Re: [PATCH v1 0/4] arm64: Kconfig: Update ARCH_EXYNOS select configs

From: Lee Jones
Date: Tue Sep 21 2021 - 04:41:10 EST


On Tue, 21 Sep 2021, Krzysztof Kozlowski wrote:

> On 21/09/2021 10:11, Lee Jones wrote:
> > On Tue, 21 Sep 2021, Krzysztof Kozlowski wrote:
> >
> >> On 20/09/2021 21:03, Will McVicker wrote:
> >>> This patch series tries to address the issue of ARCH_EXYNOS force selecting
> >>> a handful of drivers without allowing the vendor to override any of the
> >>> default configs. This takes away from the flexibilty of compiling a generic
> >>> kernel with exynos kernel modules. For example, it doesn't allow vendors to
> >>> modularize these drivers out of the core kernel in order to share a generic
> >>> kernel image across multiple devices that require device-specific kernel
> >>> modules.
> >>
> >> You do not address the issue in these patches. The problem you describe
> >> is that drivers are not modules and you are not changing them into modules.
> >
> > The wording is unfortunate.
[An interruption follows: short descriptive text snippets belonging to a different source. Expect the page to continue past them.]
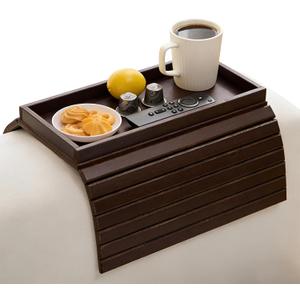 Bamboo Sofa Arm Tray Table, Foldable Couch Arm Tray Side Table, Anti-Falling Armrest Tables Cup Holder for Snacks, Couch Armrest Organizer, Serving Tray for Snacks and Drinks (Brown)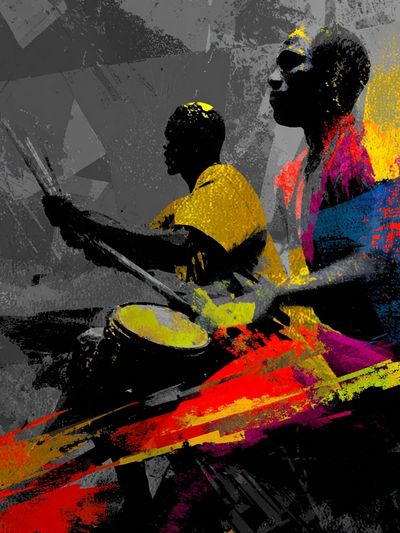 Drummers in Action — Abstract Print. poster print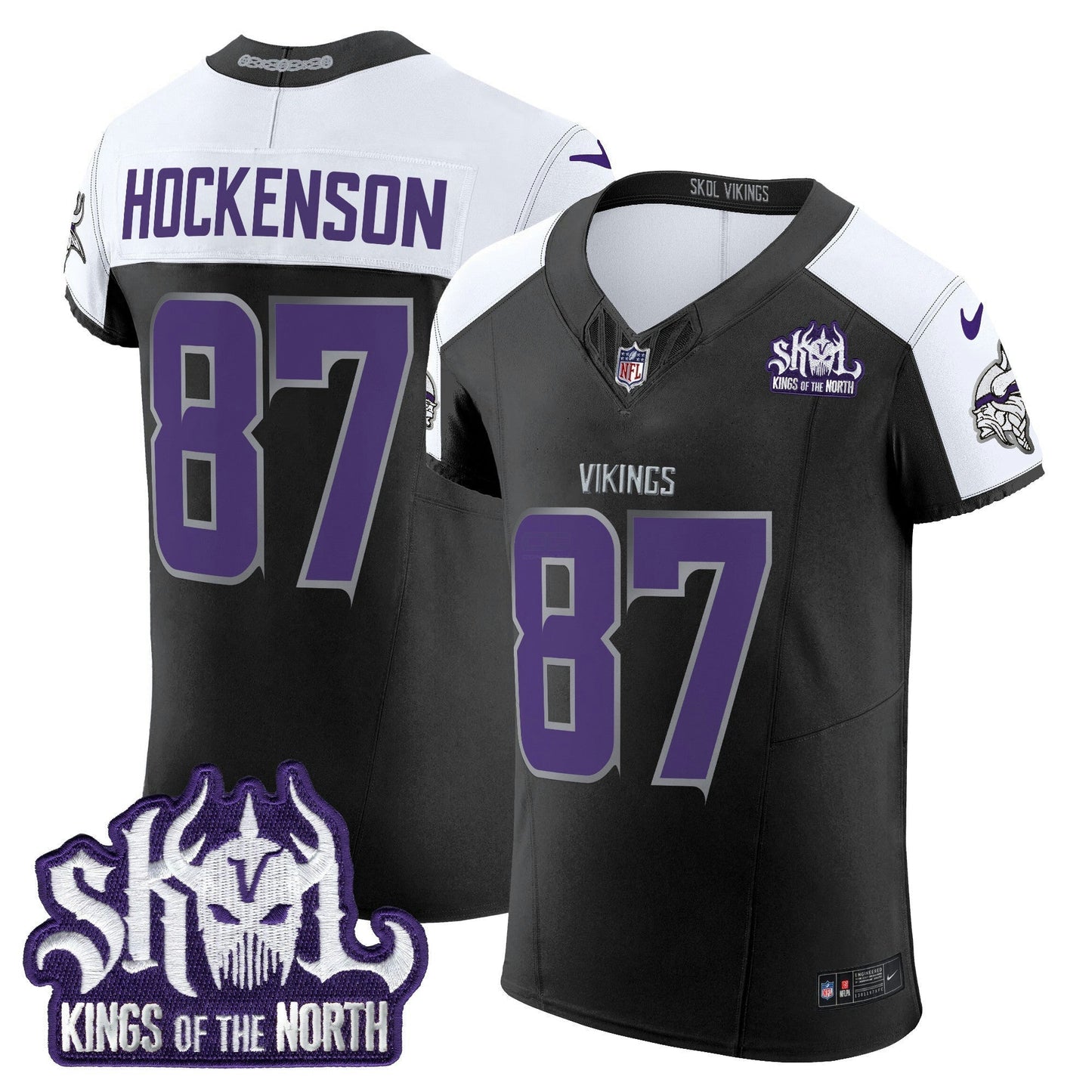 Camisa NFL Men’s Minnesota 2024 Winter Warrior Skol Patch Vapor Elite Jersey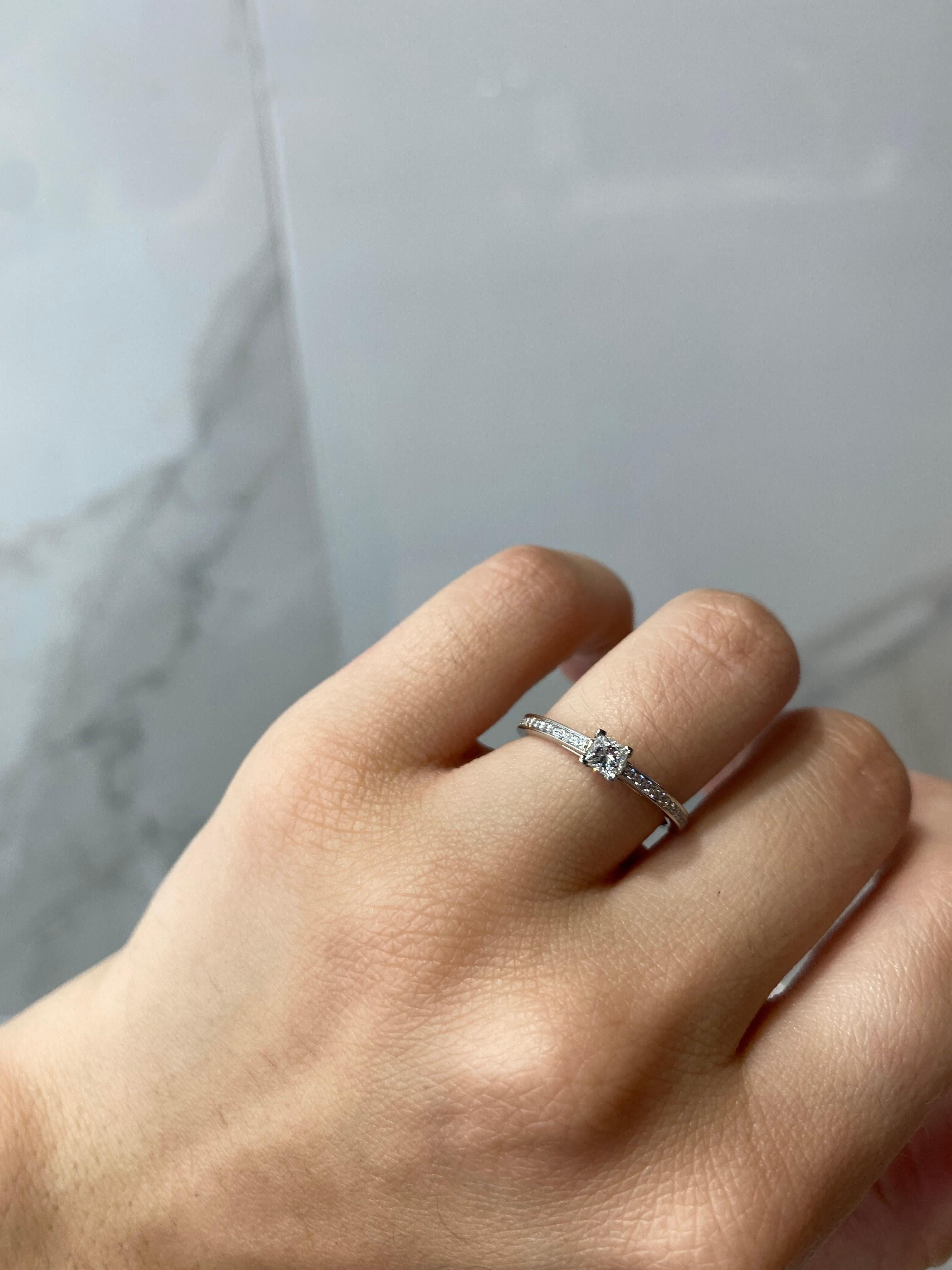 Tiffany & Co. Grace Diamond Ring, 0.17ct Princess Cut w 0.19ctw Round Accents For Sale 5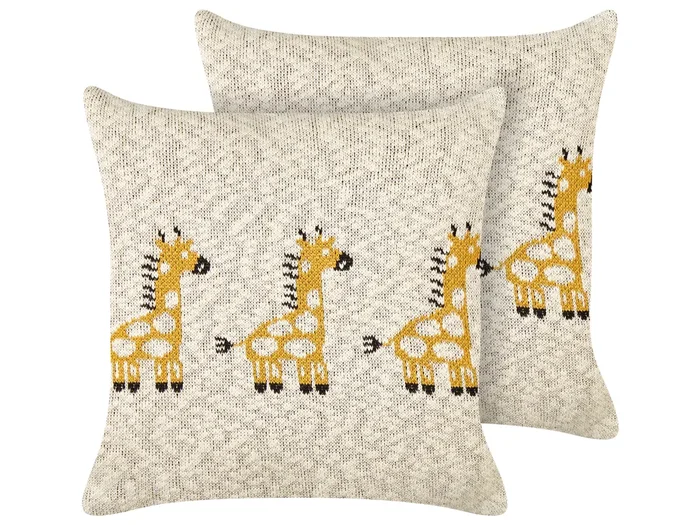 Conjunto de 2 cojines decorativos CHILARI Algodón 45 x 45 cm Beige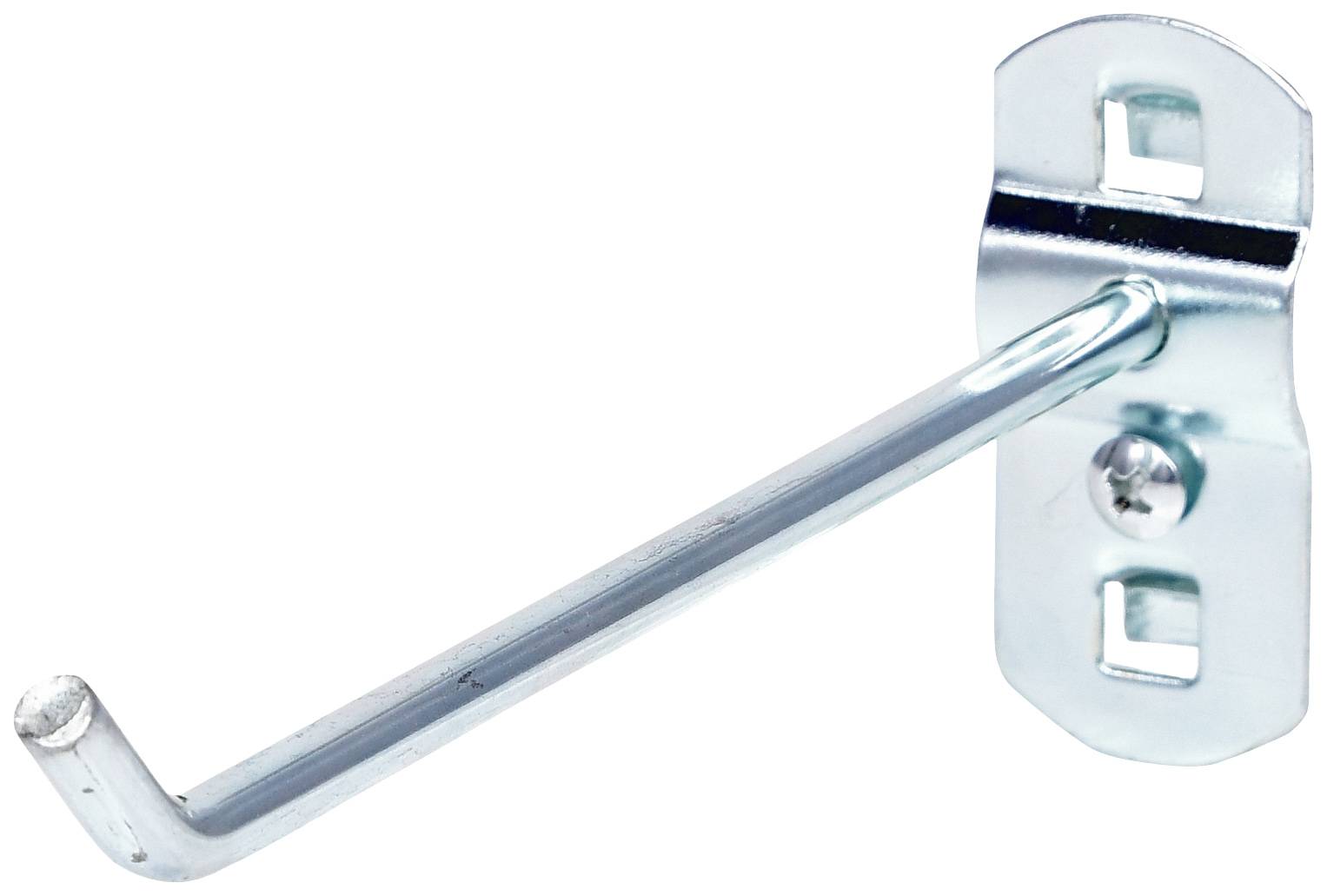 Metallhaken zur Wandbefestigung mit zwei rechteckigen Löchern für Schrauben, geeignet zur Aufhängung leichter Gegenstände.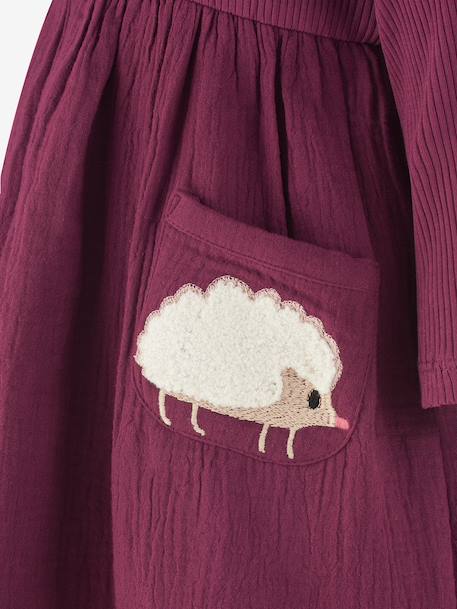 Robe avec hérisson fille Happy Girls bordeaux 3 - vertbaudet enfant 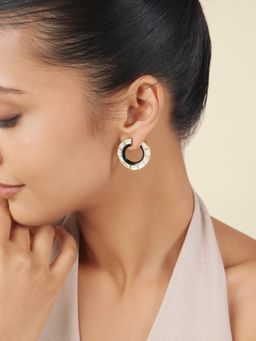 Isharya - White Art Deco Mirror Front-Back Studs Earring In 18Kt Gold Plated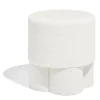 Tabouret rond en tissu bouclette blanc 42x40 cm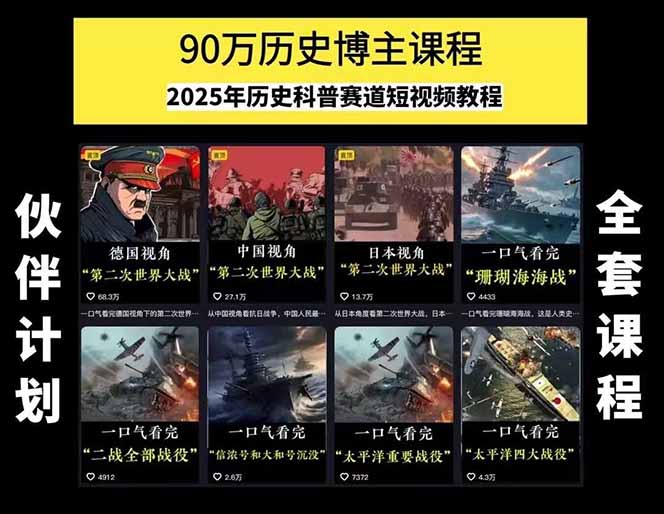 图片[1]-历史短视频赛道变现课，百集素材库应用，文案剪辑技巧，账号运营全案-淘米帮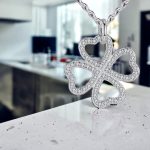 Hollow diamond Four leaf clover necklace European   American Style Necklace light 9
The reason for this change doesn't have
> > much to do with kernel modules.
> >
> > Let's go back in time 18 months or so when Greg KH submitted this [0]
> > patch, which you Acked. Greg was trying to solve the problem of not
> > having to enable ARCH_EXYNOS on kernels which are designed to be
> > platform agnostic (sometimes called Generic Kernels). For some reason
> > SERIAL_SAMSUNG is the only symbol with these dependencies, so the
> > solution seemed simple and straight forward at the time.
> >
> > However, For sound reasons Geert NACKed the patch.
> >
> > Quoting from [1] he says:
> >
> > "A generic kernel will include Samsung SoC support, hence
> > PLAT_SAMSUNG or ARCH_EXYNOS will be enabled."
>
> Yes, it's correct reasoning. There is also one more use-case -
> non-upstreamed (out of tree) platform which wants to use Exynos-specific
> drivers. Something like was happening with Apple M1 except that it got
> upstreamed and we do not care much about out-of-tree.
>
> > However, since the entry for ARCH_EXYNOS *insists* on building-in a
> > bunch of other symbols (via 'select') which will be unused in most
> > cases, this is not a currently acceptable approach for many Generic
> > Kernels due to size constraints.
>
> In the mainline kernel there is no such use case. If you want to have
> Exynos-whatever-driver (e.g. SERIAL_SAMSUNG or S3C RTC), you should
> select ARCH_EXYNOS because otherwise it does not make any sense. Zero
> sense. Such kernel won't work.
>
> It makes sense only if there is some other work, hidden here, where
> someone might want to have SERIAL_SAMSUNG or S3C RTC without
> ARCH_EXYNOS. Although GKI is not that work because GKI kernel will
> select ARCH_EXYNOS. It must select ARCH_EXYNOS if it wants to support
> Exynos platforms.
>
> Therefore I expect first to bring this "some other work, hidden here" to
> broader audience, so we can review its use case.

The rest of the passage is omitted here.